One of the most recent survey was published in
2012 (Kurapati et al., 2012). However, it has
different goals from the survey presented in this
work. It concentrates on the adoption of Agile
methods and on the applicability degree of the Agile
principles. From this survey it is interesting to see
that the majority of employees and customers are
satisfied with the adoption of Agile practices.
A more specialized survey on the degree of
adoption of Scrum was announced in Carnegie
Melon University in 2011 (Paulk, 2011), but its
results or whether it was conducted were ever
reported. The questions used in the questionnaire
concerned only the adoption of Scrum and were not
referring to any comparisons to other approaches.
The most recent and related survey conducted
close to the presented study was performed by the
Scrum Alliance in the beginning of 2013 with
roughly 500 participants from 70 countries (Scrum
Alliance, 2013).
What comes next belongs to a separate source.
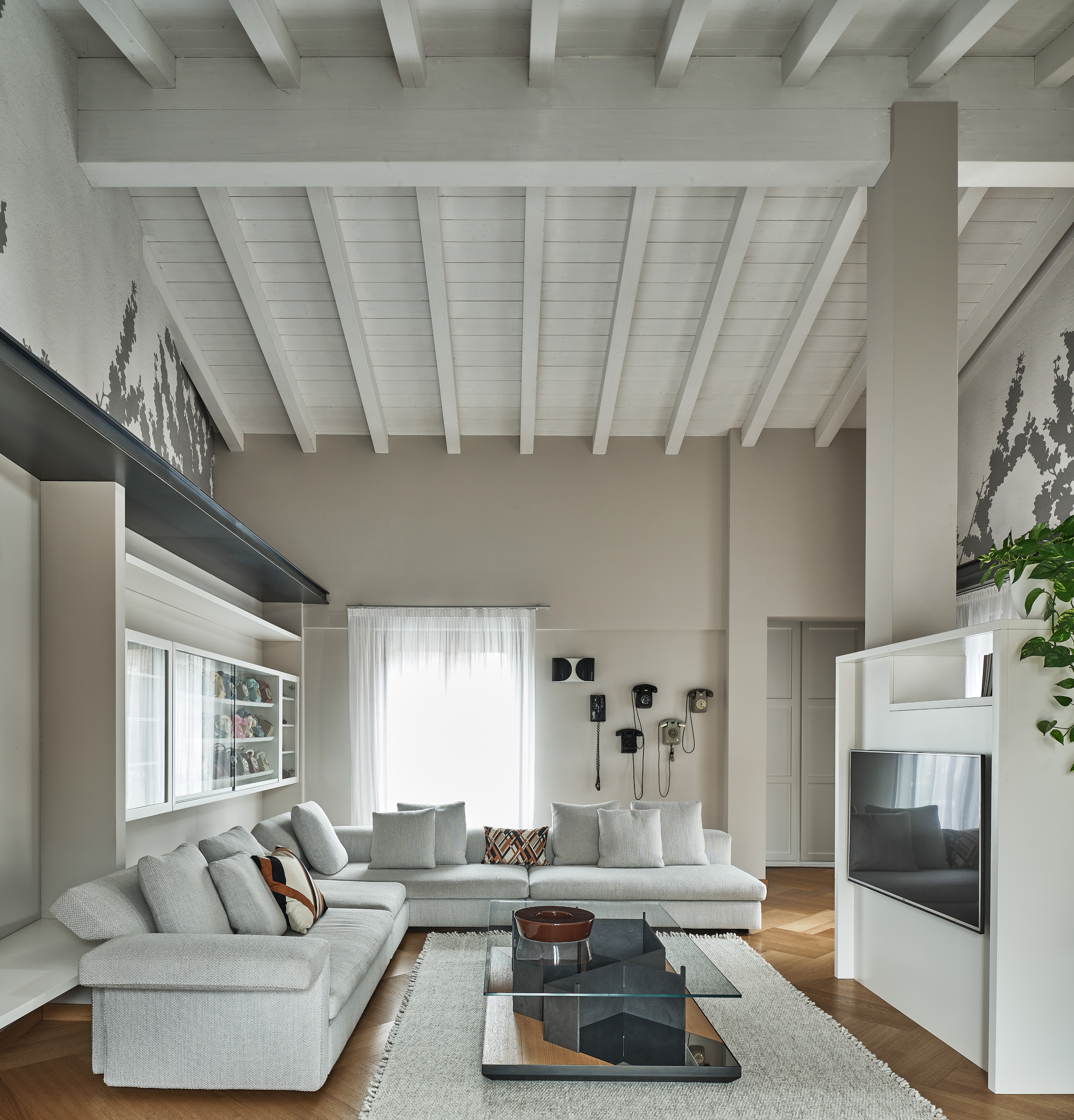 CasaCri 现代明亮家居设计丨Mariani collection-11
The Scrum Alliance survey draw
useful conclusions on the use of Scrum, but the
objectives differ from the main objectives of our
survey: this earlier survey had a focus on how the
specific principles of Scrum are adopted instead of
uncovering advantages and disadvantages and
comparing Scrum to traditional approaches.
Moreover, the results reflect mainly the point of
view of managers of different levels that formed
53% of the participants, whereas in our survey
Scrum software engineers and Information
Technology (IT) managers were mainly engaged.
3 PREPARATION AND
CONDUCT
For the survey management and execution a
procedure typical followed for conducting surveys
was used (Statistics Canada, 2003):
1) Formulation of the Statement of Objectives: the
survey motivation was determined, the objectives
were set and the research questions were identified
consisting in the following:
RQ1: How popular is Scrum in the industry today?
RQ2: Do engineers like Scrum?
RQ3: Are Scrum and Agile projects successful?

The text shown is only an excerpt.